This also got me wondering, why the US dollar?

Cambodia operates a dual-currency system. Even in the major supermarket chains, prices are quoted in US dollars, but you can pay with either USD or the local currency, riel. It’s highly confusing, as you often pay with USD and get the change in riel, necessitating some agile mental arithmetic to work out if your change is right.

It was actually while researching some background on the Khmer Rouge campaign that I found out why this is. We watched the Killing Fields whilst in Cambodia, a chilling but fascinating account of the human tragedy that took place in the 1970’s. The genocide is well documented and, quite rightly, it’s the human side that got most of the media attention.

What I didn’t realise was that the KR also carried out what must surely be the most drastic economic experiment ever to take place in modern history. They destroyed the currency. I don’t mean they wrecked the economy so that the currency was devalued; I mean the literally burned all the currency, blew up the banks and burned the cash, and destroyed all the account records, so that in the aftermath, everyone was effectively starting from zero again.

Just try to imagine that in your home country.

No wonder the US dollar has taken a hold here as the currency of choice; there was no currency in place for in the late ‘70’s. Plus, the UN injected thousands of USD into the economy when it ran the country for few years in the early ‘90’s.

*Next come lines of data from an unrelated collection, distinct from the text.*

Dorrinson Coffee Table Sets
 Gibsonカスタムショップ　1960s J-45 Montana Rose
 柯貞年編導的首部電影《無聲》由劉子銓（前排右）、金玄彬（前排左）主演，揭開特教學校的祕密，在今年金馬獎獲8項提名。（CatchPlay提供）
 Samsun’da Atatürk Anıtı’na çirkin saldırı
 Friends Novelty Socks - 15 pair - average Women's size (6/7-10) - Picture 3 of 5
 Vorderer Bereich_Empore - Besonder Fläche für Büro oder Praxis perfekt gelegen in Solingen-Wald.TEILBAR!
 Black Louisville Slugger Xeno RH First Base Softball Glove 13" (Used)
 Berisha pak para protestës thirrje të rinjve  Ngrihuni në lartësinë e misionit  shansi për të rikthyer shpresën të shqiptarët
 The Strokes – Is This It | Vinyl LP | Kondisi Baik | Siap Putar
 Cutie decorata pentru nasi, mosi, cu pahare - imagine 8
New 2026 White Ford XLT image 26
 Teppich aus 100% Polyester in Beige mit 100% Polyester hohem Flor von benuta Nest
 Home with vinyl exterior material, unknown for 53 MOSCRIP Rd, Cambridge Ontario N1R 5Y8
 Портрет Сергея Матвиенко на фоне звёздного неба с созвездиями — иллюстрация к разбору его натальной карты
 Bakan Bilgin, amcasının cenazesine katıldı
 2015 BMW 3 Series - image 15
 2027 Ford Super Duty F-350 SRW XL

Since then I’ve been reading up on how there’s a split of opinion of whether the country should go for complete ‘dollarisation’, or work on making the riel a world currency. Many campaigners hoped the launch of the Cambodian stock exchange would decide one way or another, but that too sits on the fence, with prices quoted in riel but accounts that can be settled in Dollars.

I find it fascinating. It takes me back to my A-level Economics days and it will be a story I follow with interest as Cambodia continues to develop.

In the meantime, I’ll distribute my dollars as fairly as I can in this beautiful country; and remember to be grateful for the dollars I have in my pocket. By accident of where I was born. Life could have been very, very different.